In short: HSBC were advising Mr Rubenstein; their instruction was that there was to be no risk to the capital invested; it was reasonable foreseeable that there could be capital loss on the AIG bond; so HSBC were in breach of duty and negligent in their advice. More discussion of the Court of Appeal decision in this Taylor Wessing note. And a good summary from Littleton Chambers here.
First instance decision
Mr Rubenstein sold his house in 2005. He wanted to safeguard the sale proceeds whilst he and his wife looked for a new property. Initially, he intended to place the monies into a conventional deposit account. But, following the advice of an HSBC financial adviser, the monies were placed into an AIG “Premier Access Bond”. In correspondence, Mr Rubenstein told the HSBC adviser that “we can’t afford to accept any risk in the investment of the principal sum”. The adviser replied, “we view this investment as the same as cash deposit in one of our accounts”.

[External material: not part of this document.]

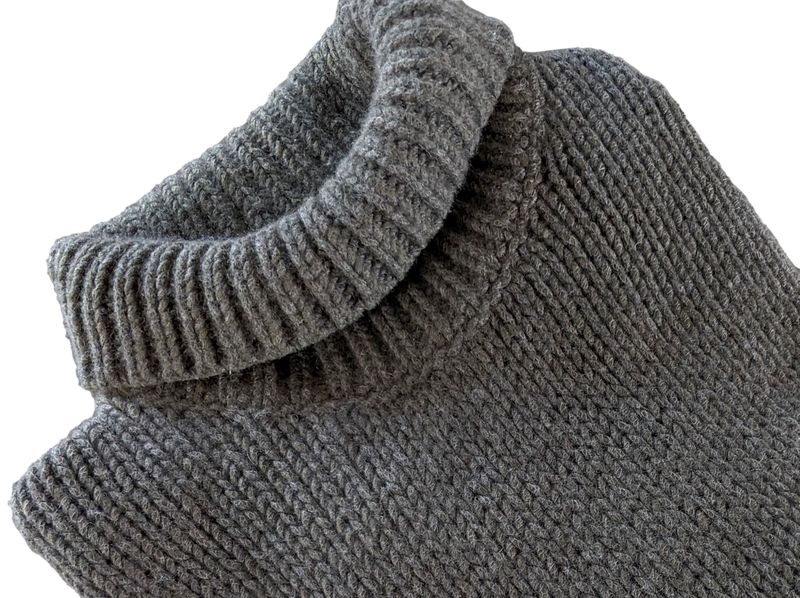 Produits Hermes Gris-Vert 100% Cashmere Turtleneck Chunky Knit Sweater SzXXL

A substantial amount of the principal was lost in the collapse of AIG. Mr Rubenstein took proceedings against HSBC on the basis that he had been incorrectly advised, in breach of the Financial Services Authority Conduct of Business Rules. The High Court judgment is here.
“Execution-only”, or advice?
As the judge observed, the “issue, in a nutshell, is whether the transaction was an “execution-only” one, or an advisory one”. HSBC’s contention was that it had simply been executing Mr Rubenstein’s instructions, and so its actions were not governed by the statutory and regulatory regime governing the conduct of investment business. But if HSBC had been advising Mr Rubenstein and that advice has caused the loss, then the bank would have to compensate Mr Rubenstein.
On the facts, the judge found that HSBC had been giving investment advice and, in doing so, formulated a broad test for distinguishing between an advice and an execution-only service:
“The key to the giving of advice is that the information is either accompanied by a comment or value judgment on the relevance of that information to the client’s investment decision, or is itself the product of a process of selection involving a value judgment so that the information will tend to influence the decision of the recipient. In both these scenarios the information acquires the character of a recommendation.”
The test is an objective one; it is irrelevant whether the adviser or Mr Rubenstein thought he was providing only information or whether Mr Rubenstein thought he was being given advice:
“The question is whether an impartial observer, having due regard to the regulatory regime and guidance, and to what passed between the parties, would conclude that advice had been given. Adopting that approach, I am in no doubt that [HSBC] gave advice to Mr Rubenstein.”
And that advice was found to be negligent, as the AIG bond could not be considered as being the same as a cash deposit with minimal risk to the principal sum.
But was the loss foreseeable?
However, Mr Rubenstein was awarded only nominal damages. The judge held that the negligent advice has not caused the caused. That loss, incurred because of the collapse of AIG, was not reasonably foreseeable. The judge agreed with HSBC’s counsel that:
“…the concept of a run on AIG was “so remote that no financial adviser would have been required to point it out as posing a risk to capital”. In my judgment [counsel] was right. What happened to the [AIG bond] on 15 September 2008 and the days following was wholly outside the contemplation of the bank or any competent financial adviser in September 2005.”
I find that the loss was not caused by any negligence on the part of [HSBC] in making the recommendation. I also find that the loss was not reasonably foreseeable by HSBC and is too remote in law to be recoverable as damages for breach of contract or in tort.”
In effect, the court held that the collapse of a major financial institution was not reasonably foreseeable in 2005. Presumably the court would reach a different conclusion on foreseeability with regard to advice given in 2011.